Au conseil municipal, cela fait longtemps que nous demandons des mesures pour adapter la ville aux températures qui montent.
Ce n’est pas seulement une question écologique. C’est aussi une question de confort, de santé, de sobriété énergétique et de bonne gestion de l’argent public.
Les épisodes de chaleur que nous connaissons le rappellent avec force : la ville doit être adaptée au climat d’aujourd’hui et de demain.
Les écoles publiques doivent évidemment être une priorité. Les enfants, les enseignants et les agents municipaux ne peuvent pas continuer à subir des salles de classe ou des cours mal adaptées aux fortes chaleurs.
La rénovation des écoles a débuté, tout comme la végétalisation des cours. Mais tout cela va trop lentement et n’est pas toujours efficient. Pourquoi l’école Brant qui a été l’une des premières à être rénovée, a-t-elle également été l’une des premières à fermer à cause des fortes températures ?

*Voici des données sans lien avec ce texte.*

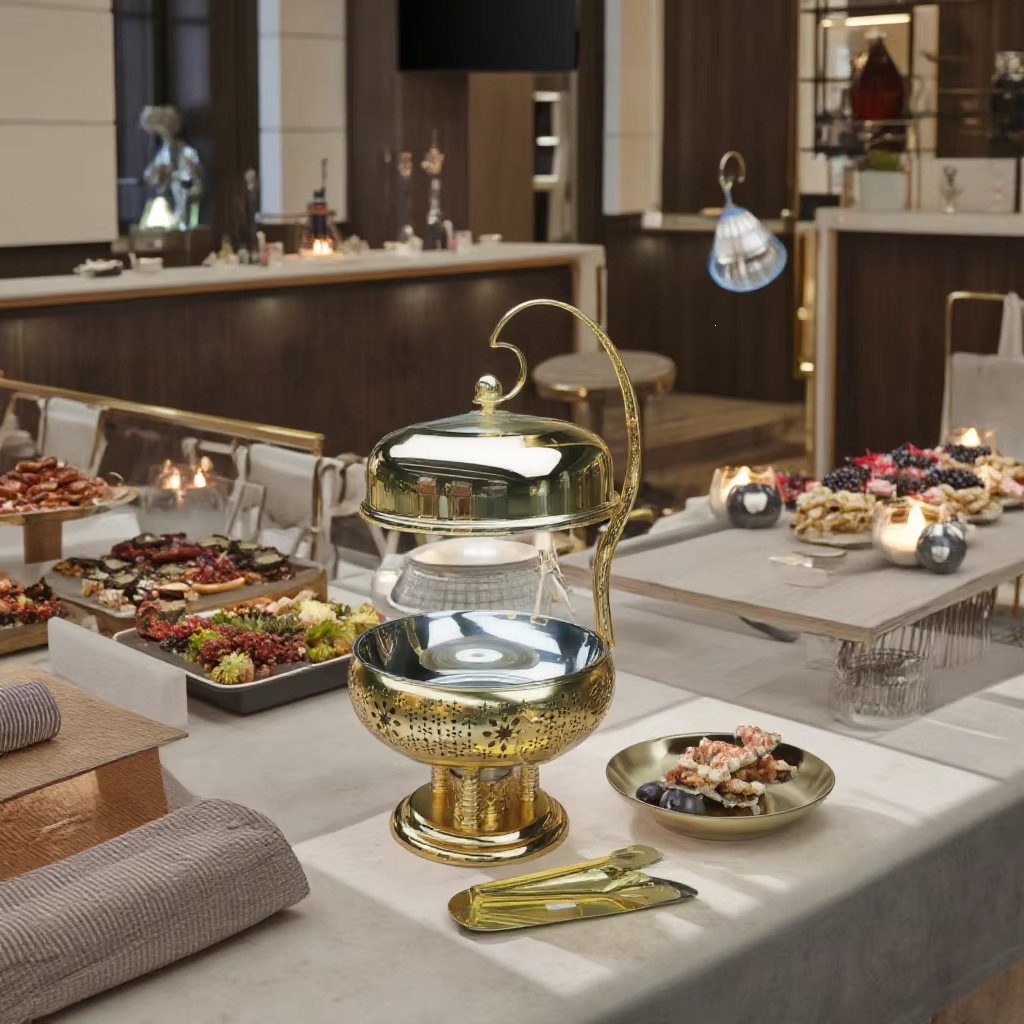 Cross-border supply stainless steel golden round buffet stove, insulated stove, restaurant food heater, alcohol stove Application Scenario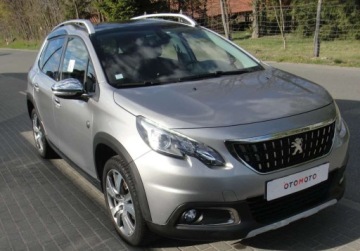 Peugeot 2008 I SUV Facelifting 1.2 PureTech 110KM 2018 Peugeot 2008 Automat Panorama Wersja Crossway 1.2 Benzyna 110KM, zdjęcie 3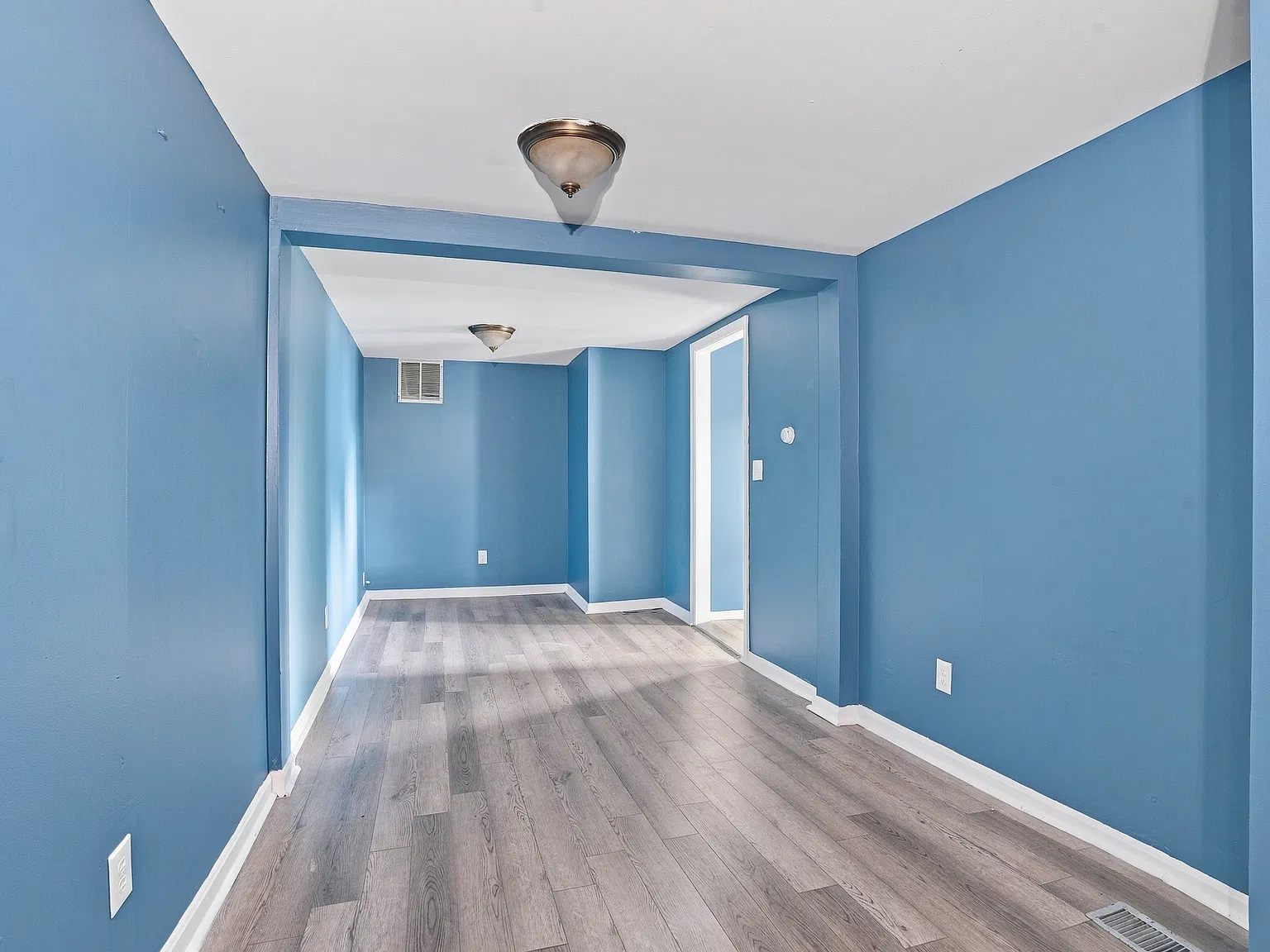 125 Park Ave — Photo 2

L’aménagement de la place de la Cathédrale est une bonne chose, et nous aurions pu gagner 10 ans si nous avions été entendus à l’époque et les arbres aujourd’hui seraient plus protecteurs. Aujourd’hui il faut accélérer l’adoption du plan de végétalisation et sa mise en œuvre dans toute la ville.
Il y a également une polémique au niveau national sur la place de la climatisation. Elle n’est pas une réponse adaptée pour tous les logements, mais il serait possible de mutualiser certains espaces. La ville pourrait lister tous les lieux qui sont déjà climatisés et créer des lieux équitablement répartis dans tous les quartiers qui pourraient accueillir les Colmariennes et Colmariens.
La ville doit également montrer l’exemple en protégeant ses salariés et les administrés qu’elle accueille dans ses murs des températures trop fortes.
Isolation, protections solaires, ventilation, végétalisation, désimperméabilisation des cours : les solutions existent. Ce qu’il faut désormais, c’est une programmation claire, des priorités assumées et des moyens.